Как бы я мечтал так же, “по Тарасовски”, окончить жизнь, но мне была суждена тяжелейшая доля человека, страдающего мучительными болями, наподобие тех, которые испытывал “Овод” и в придачу паралич всей правой половины тела. Я часто говорю себе: “Будь доволен тем, что имеешь. Главное – у тебя ясный ум и высокая работоспособность”.
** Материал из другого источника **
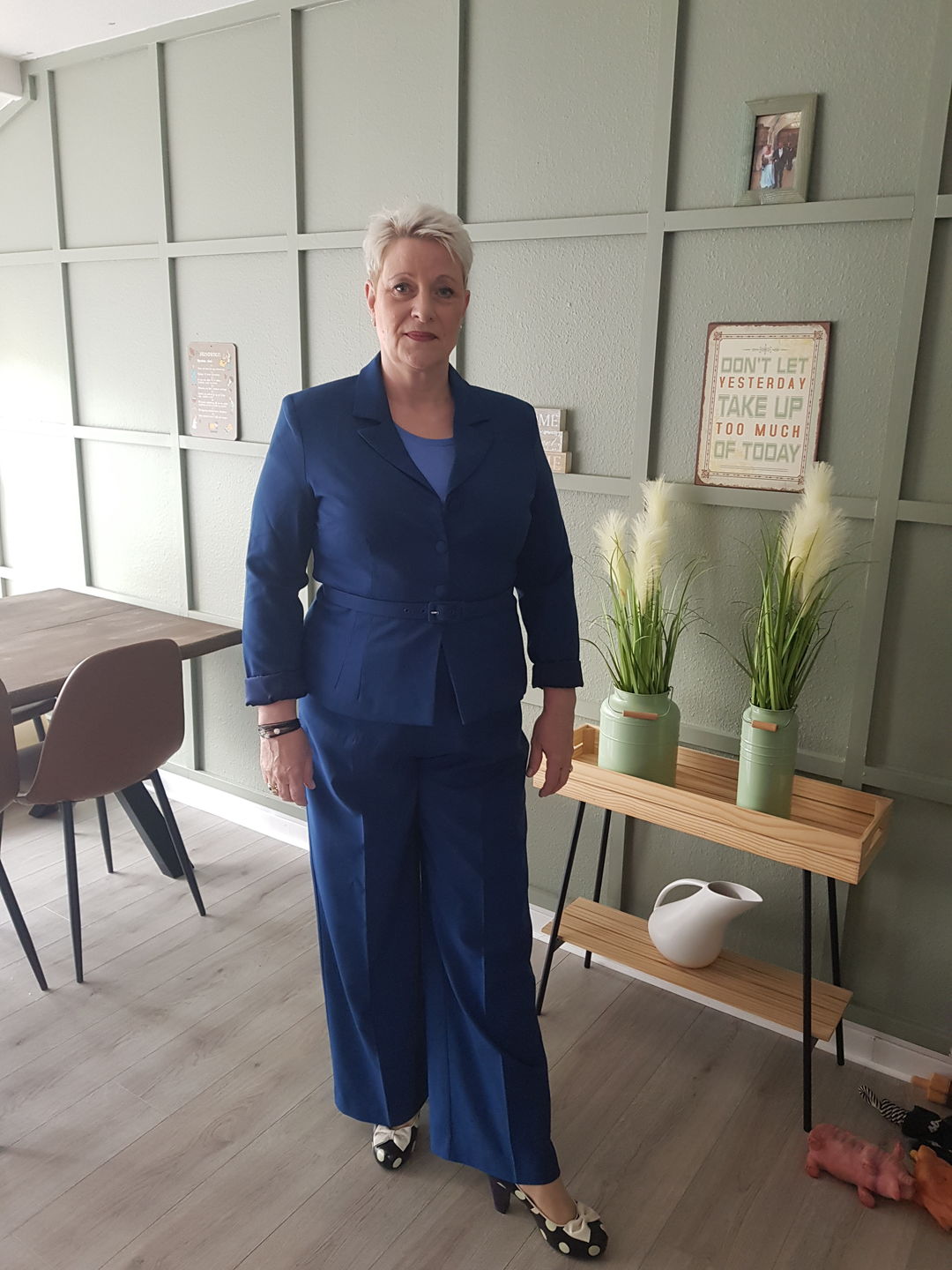 Customer photo review of Siri taljeret blazer i blå med bælte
- Интересно, одобрил бы меня отец? – думал я частенько, и это означало, что я признал отца только после его смерти. Странная штука жизнь!
Отец
Цепные и слоистые структуры
Будили мысль его как медный гонг.
Житейское для столь живой натуры
Далеким было, дальше, чем Гонконг.
Рождали интерес алмаз, графит, рутил
Как атом с атомом в них сцеплен.
Модель кристалла он крутил,
И думал о движеньях мертвой цепи.
Был поэтичен, называл фононы
Неслышной музыкой цепей.
Но вот конфуз - чужое в его тоне
Мне слышалось - ну хоть убей.
Однажды я пытался рассказать
О творчестве простого инженера...
Отец спросил в ответ про мать
И снова о цепях, все в той манере...
Заговорил о Шульце и об Иоффе
- Людмила! крикнул вдруг сердясь,
- Ну, где ж обещанное кофе?!
Мы разошлись, поспешно распростясь…
Через три месяца - звонок тревожный
И чей-то голос, хлесткий как удар,
Принес мне весть о том, что невозможным
Казалось мне. Ушел великий дар!
Мне знак об этом слишком поздно послан:
Извечная у нас, людей, беда.
Ценить мы начинаем только после,
Иль не оценим вовсе никогда.
С именем отца всегда ассоциируются имена Оксаны Мостовой и Алика Очкина, которые на первом курсе решили задачу отрицательной инерции. Эту задачу отец предложил всем решить дома.
Как сейчас, я помню удивительное поведение шарика, наполненного гелием и привязанного к тележке. Шарик отклонялся при торможении тележки в сторону, противоположную той, которую мы привыкли видеть. Отец с восхищением говорил об Оксане и Алике, но я не завидовал. Я решил эту задачу почти сейчас же, но не признался.